When shooting events:
-MkIV or DsIII, depending on the ISO requirements
-24-105mm f/4 IS, 70-200 f/2.8L SI II
-black rapid single or dual strap (prefer the dual strap so I have a second body on me at all times)
-Custom Brackets camera bracket (mine are similar, but older than the QRS-E2)
-Canon speedlite (550ex or 580exII) or Quantum T5D-R with Turbo 2x2, external battery pack for canon flashes
-depending on the event, additional off-camera flashes on light stands with small to medium softboxes.
-same accessory list as football
For outdoor portraits / senior photos
-85mm, 70-200 II and/or 200 f/2, I prefer the speed of focus and bokeh of the 200 f/2 at f/2.
-DsIII with DsII or MkIV as backup
-Black Rapid single strap
-PW FlexTT5's, AC3, (3) 550ex speedlights on stands equipped with softboxes
same accessory list
Landscape / Architectural photography
-DsIII, TS-E 24 II, TS-E 90mm, 100mm f/2.8L macro, B+W CPOL MRC, L-758DR Tripod with gear head.
-L-758DR, CWB Calibration target, passport colorchecker, hoodman loupe, anglefinder C, hotshoe bubble level, Canon Timer Remote Controller TC-80N3
There are a number of things I always have in the bag that I don't always pull out, 16-35 f/2.8 II, 15mm fisheye, Two pocket Wizard Plus III's, four FlexTT5's, spare tripod quick release plates, spare custom brackets quick release plate, Giottos Rocket Blower, Zeiss lens wipes, allen wrenches to remove RRS L-Brackets on occasion (I take them off to mount a body on a custom bracket).
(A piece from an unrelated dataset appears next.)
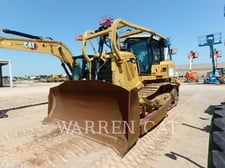 Cat D7E ARO, Crawler Dozer, 13612 hours, S/N: MDB00115, 2009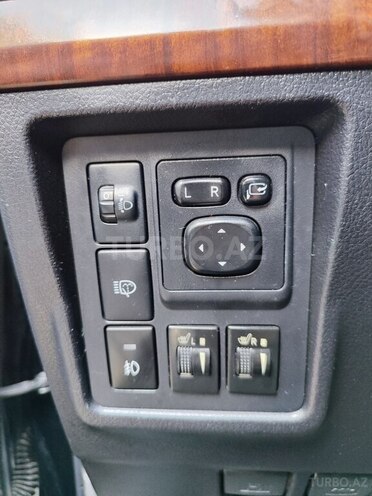 Toyota Prado 2012, 165,000 km - 2.7 l - Bakı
PW accessory cables for firing remote camera bodies.
As you can see, my must have list changes iaw my subject matter. I think this sums up my non-studio must have stuff to help me capture great images.
For outdoor portraits, do any of the people who have posted to this thread, use either a tripod or unipod?
Thanks, Phil
"You don't take a photograph, you make it." ~Ansel Adams
Phil
That said, I sometimes wonder if I should leave the camera where it is and focus on moving the subject more. One of these months when I have an amenable subject I might try it, but in general.... handholding for me.
For sports like football, baseball and soccer, I use a mono-pod. It just makes things easier and causes less fatigue when using a 300mm or even a 70-200.
For portraits, I typically only use a tripod if shooting a large group or family. This, at least to me, makes getting good expressions from everyone easier as I can frame the shot and then concentrate on good looks from each of the subjects without looking through the viewfinder. Most of the time, I will use an ECR for this too.
Usually NO. However, if I have an outdoor set with several generations in a group photo, a tripod is essential. It allows you to frame the shot and then pose everyone while firing the camera with a handheld remote. If (when) you end up needing to clone something out or transfer facial expressions, open eyes, etc., it's much easier when the background and perspective isn't changing between images.
I've used a monopod for "portraits" when shooting graduations where I have several hundred imaged to capture in a short period of time. I don't have to use a monopod, but find it easier to concentrate on the shot without having to deal with the weight of the camera bracket, quantum flash and battery pack.
Both of these are specialized uses. For the majority of portrait sessions, tripods and monopods just slow you down.
Don't even own one since mine got stolen. Even in the studio I find hand held suits me better. PLUS, I'm old and don't like to bend down too much.:D
Canon 600D; Canon 1D Mk2;
24-105 f4L IS; 70-200 f4L IS; 50mm 1.4; 28-75 f2.8; 55-250 IS; 580EX & (2) 430EX Flash,
Model Galleries: http://bilsen.zenfolio.com/
Everything Else: www.pbase.com/bilsen
Thank you all, I am going to research buying a monopod for outdoor portraits. I have two older tripods, which work well enough for group shots.
Phil
"You don't take a photograph, you make it." ~Ansel Adams
Phil
www.cameraone.biz
I agree. A mono-pod really only makes sense if you have to be able to move about when using a big ass lens.